Layer-by-layer pH-sensitive nanoparticles for drug delivery and controlled release with improved therapeutic efficacy in vivo

Abstract

In this work, a pH-sensitive liposome-polymer nanoparticle (NP) composed of lipid, hyaluronic acid (HA) and poly(β-amino ester) (PBAE) was prepared using layer-by-layer (LbL) method for doxorubicin (DOX) targeted delivery and controlled release to enhance the cancer treatment efficacy. The NP with pH-sensitivity and targeting effect was successfully prepared by validation of charge reversal and increase of hydrodynamic diameter after each deposition of functional layer. We further showed the DOX-loaded NP had higher drug loading capacity, suitable particle size, spherical morphology, good uniformity, and high serum stability for drug delivery. We confirmed that the drug release profile was triggered by low pH with sustained release manner in vitro. Confocal microscopy research demonstrated that the NP was able to effectively target and deliver DOX into human non-small cell lung carcinoma (A549) cells in comparison to free DOX. Moreover, the blank NP showed negligible cytotoxicity, and the DOX-loaded NP could efficiently induce the apoptosis of A549 cells as well as free DOX. Notably, in vivo experiment results showed that the DOX-loaded NPs effectively inhibited the growth of tumor, enhanced the survival of tumor-bearing mice and improved the therapeutic efficacy with reduced side-effect comparing with free drug. Therefore, the NP could be a potential intelligent anticancer drug delivery carrier for cancer chemotherapy, and the LbL method might be a useful strategy to prepare multi-functional platform for drug delivery.

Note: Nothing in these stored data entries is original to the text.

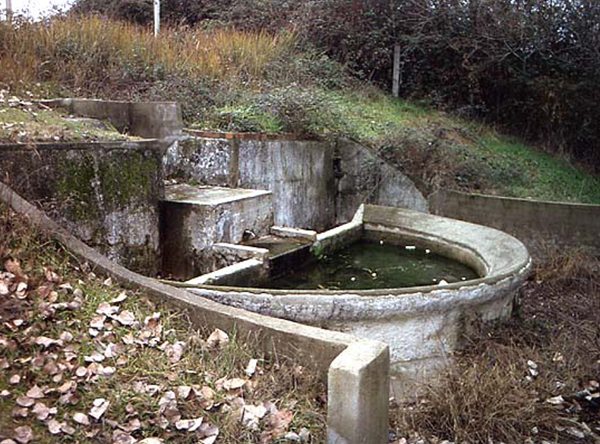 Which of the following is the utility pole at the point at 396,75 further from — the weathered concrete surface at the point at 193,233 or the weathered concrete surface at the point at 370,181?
the weathered concrete surface at the point at 193,233

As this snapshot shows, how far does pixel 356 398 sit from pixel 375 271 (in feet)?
10.2

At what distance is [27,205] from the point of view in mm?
3418

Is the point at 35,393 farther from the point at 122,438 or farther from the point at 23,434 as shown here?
the point at 122,438

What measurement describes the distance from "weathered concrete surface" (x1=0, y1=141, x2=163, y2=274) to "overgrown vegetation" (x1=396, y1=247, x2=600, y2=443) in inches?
93.7

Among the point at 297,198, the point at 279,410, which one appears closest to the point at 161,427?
the point at 279,410

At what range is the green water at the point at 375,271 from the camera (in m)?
5.14

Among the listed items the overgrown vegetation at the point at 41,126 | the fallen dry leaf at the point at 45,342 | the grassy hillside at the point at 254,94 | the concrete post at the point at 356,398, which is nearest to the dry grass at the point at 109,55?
the grassy hillside at the point at 254,94

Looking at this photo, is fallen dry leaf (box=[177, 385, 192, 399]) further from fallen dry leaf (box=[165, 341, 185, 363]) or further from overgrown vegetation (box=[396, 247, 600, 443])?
overgrown vegetation (box=[396, 247, 600, 443])

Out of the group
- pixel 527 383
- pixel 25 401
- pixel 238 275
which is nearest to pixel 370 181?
pixel 238 275

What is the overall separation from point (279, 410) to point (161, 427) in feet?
1.92

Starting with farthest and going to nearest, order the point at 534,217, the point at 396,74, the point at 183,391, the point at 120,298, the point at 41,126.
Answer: the point at 396,74
the point at 534,217
the point at 41,126
the point at 120,298
the point at 183,391

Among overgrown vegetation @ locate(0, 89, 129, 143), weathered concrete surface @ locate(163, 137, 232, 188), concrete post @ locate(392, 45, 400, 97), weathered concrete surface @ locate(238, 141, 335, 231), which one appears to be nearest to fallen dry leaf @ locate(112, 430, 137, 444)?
overgrown vegetation @ locate(0, 89, 129, 143)

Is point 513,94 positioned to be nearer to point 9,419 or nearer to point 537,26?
point 537,26

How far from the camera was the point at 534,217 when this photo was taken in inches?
296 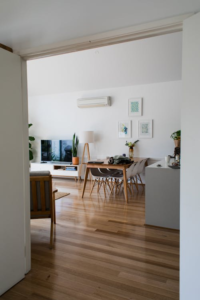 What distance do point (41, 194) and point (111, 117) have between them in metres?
4.31

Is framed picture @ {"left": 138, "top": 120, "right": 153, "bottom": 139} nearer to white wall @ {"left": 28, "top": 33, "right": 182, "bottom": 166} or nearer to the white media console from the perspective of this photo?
white wall @ {"left": 28, "top": 33, "right": 182, "bottom": 166}

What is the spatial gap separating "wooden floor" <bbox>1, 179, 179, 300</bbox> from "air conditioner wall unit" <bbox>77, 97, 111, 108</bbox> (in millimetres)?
3525

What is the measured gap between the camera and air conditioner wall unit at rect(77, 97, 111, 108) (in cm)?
646

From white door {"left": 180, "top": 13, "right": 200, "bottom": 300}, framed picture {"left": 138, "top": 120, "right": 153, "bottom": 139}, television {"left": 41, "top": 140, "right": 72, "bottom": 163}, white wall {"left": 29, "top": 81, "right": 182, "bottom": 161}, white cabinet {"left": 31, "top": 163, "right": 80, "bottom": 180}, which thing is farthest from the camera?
television {"left": 41, "top": 140, "right": 72, "bottom": 163}

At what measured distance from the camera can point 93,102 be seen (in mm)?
6594

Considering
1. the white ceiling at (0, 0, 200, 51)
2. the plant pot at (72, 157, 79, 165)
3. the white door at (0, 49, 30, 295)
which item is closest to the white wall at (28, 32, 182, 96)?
the plant pot at (72, 157, 79, 165)

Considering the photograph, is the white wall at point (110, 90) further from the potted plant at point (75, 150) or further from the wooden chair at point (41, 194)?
the wooden chair at point (41, 194)

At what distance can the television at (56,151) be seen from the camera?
707 cm

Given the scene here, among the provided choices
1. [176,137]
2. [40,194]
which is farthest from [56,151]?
[40,194]

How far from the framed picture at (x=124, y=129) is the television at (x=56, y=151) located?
163cm

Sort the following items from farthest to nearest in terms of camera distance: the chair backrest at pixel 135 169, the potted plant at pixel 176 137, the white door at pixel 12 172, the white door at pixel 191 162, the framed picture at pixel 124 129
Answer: the framed picture at pixel 124 129, the potted plant at pixel 176 137, the chair backrest at pixel 135 169, the white door at pixel 12 172, the white door at pixel 191 162

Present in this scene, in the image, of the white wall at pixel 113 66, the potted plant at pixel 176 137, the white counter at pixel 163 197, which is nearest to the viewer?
the white counter at pixel 163 197

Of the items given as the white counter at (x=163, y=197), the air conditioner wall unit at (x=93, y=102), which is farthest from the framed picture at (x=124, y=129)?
the white counter at (x=163, y=197)

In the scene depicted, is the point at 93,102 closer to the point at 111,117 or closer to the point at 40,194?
the point at 111,117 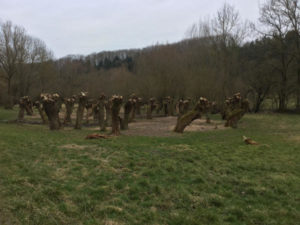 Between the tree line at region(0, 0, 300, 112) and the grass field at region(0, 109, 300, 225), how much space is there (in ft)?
75.7

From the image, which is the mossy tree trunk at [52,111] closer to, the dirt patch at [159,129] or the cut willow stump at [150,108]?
the dirt patch at [159,129]

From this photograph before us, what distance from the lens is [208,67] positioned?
101 ft

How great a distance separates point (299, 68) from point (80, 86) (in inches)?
1459

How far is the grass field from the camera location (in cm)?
354

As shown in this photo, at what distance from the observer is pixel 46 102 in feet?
47.6

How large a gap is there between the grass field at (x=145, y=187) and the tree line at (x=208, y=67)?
23065 millimetres

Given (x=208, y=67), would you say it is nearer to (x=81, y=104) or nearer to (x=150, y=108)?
(x=150, y=108)

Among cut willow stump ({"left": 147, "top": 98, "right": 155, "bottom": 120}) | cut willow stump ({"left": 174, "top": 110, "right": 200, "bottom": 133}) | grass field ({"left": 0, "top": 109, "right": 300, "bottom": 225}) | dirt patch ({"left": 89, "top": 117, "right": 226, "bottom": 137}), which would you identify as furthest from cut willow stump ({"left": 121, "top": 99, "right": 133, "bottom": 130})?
cut willow stump ({"left": 147, "top": 98, "right": 155, "bottom": 120})

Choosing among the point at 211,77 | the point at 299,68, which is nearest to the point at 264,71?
the point at 299,68

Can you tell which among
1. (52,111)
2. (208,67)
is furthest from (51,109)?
(208,67)

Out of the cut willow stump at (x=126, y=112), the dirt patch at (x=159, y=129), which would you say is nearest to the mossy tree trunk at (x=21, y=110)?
the dirt patch at (x=159, y=129)

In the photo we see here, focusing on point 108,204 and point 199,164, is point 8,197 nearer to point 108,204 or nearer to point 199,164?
point 108,204

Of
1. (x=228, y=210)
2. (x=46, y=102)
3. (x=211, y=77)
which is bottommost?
(x=228, y=210)

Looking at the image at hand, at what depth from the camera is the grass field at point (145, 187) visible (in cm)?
354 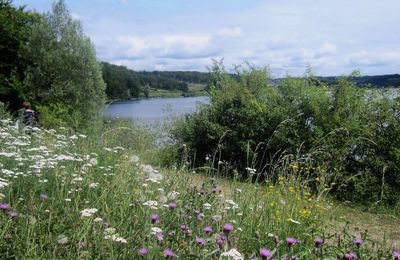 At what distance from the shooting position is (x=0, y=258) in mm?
2998

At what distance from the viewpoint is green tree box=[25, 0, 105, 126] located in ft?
74.4

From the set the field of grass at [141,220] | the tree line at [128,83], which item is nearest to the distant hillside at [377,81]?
the field of grass at [141,220]

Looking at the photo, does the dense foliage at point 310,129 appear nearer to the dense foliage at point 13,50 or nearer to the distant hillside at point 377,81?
the distant hillside at point 377,81

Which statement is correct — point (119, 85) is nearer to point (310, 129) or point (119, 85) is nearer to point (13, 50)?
point (13, 50)

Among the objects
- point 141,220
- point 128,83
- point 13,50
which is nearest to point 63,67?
point 13,50

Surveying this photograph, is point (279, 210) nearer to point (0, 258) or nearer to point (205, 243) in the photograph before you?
point (205, 243)

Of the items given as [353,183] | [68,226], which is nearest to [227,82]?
[353,183]

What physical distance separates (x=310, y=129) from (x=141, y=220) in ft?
27.7

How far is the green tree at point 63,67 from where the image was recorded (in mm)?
22672

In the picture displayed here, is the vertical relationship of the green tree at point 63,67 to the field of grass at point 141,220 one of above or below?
above

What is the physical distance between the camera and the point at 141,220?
11.3 ft

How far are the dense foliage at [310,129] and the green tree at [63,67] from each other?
10735 mm

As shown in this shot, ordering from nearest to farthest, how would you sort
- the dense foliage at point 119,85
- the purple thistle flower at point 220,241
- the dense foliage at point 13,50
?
the purple thistle flower at point 220,241 → the dense foliage at point 13,50 → the dense foliage at point 119,85

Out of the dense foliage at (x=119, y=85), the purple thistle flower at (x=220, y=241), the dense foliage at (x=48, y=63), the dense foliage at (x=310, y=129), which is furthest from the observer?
the dense foliage at (x=119, y=85) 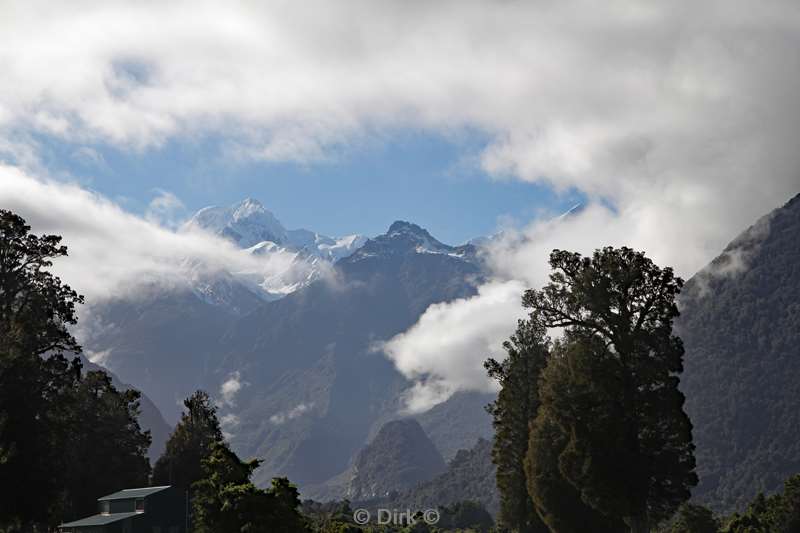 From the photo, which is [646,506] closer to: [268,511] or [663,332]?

Keywords: Drug delivery; HA-targeting; cancer therapy; controlled release; layer-by-layer; nanoparticle; pH-sensitivity.

Figure 1.

Schematic illustration of preparation process of LbL DOX-loaded NPs and targeted drug delivery for anticancer.

Figure 2.

Preparation and characterization of DOX-loaded NPs. Hydrodynamic diameters (A), PDI (B), and charge reversal in zeta-potential (C) of DOX-loaded liposomes and DOX-loaded NPs. (D) TEM image of DOX-loaded NPs (scale bar: 1 μm).

Figure 3.

Confirmation of pH-sensitivity and stability of DOX-loaded NPs. (A) The potentiometric titration of the PBAE solutions dependent on the volume of NaOH solution. The particle size (B), PDI (C), and zeta-potential (D) of DOX-loaded NPs dependent on the different pH. Hydrodynamic diameters (E) and PDI (F) of DOX-loaded NPs after different incubation time in PBS with 20% FBS at 37 °C.

Figure 4.

In vitro pH-triggered drug release profiles of multi-layered DOX-loaded NPs at pH 7.4 and 5.0.

Figure 5.

Cellular uptake of free DOX and DOX-loaded NPs. Confocal microscopy image of cells incubated with free DOX (A) and LbL DOX-loaded NPs (B) for different time intervals (upper: 1 h, bottom: 8 h, scale bars are 20 μm).

Figure 6.

In vitro cytotoxicity of liposome and NPs (A), free DOX and DOX-loaded NPs (B) at different concentrations against A549 cells for 24 h.

Figure 7.

Therapeutic efficacy of A549 tumor-bearing mice. (A) Tumor volume growth curves of different groups of mice after various treatments; (B) average weights of tumors collected from the mice at the end of therapy; (C) the weight of A549 tumor-bearing mice (n = 10, mean ± SD). *p< .05, ***p< .001. (D) Survival rates of mice after treatment. Statistical analysis was done using Kaplan–Meier’s method (n = 10).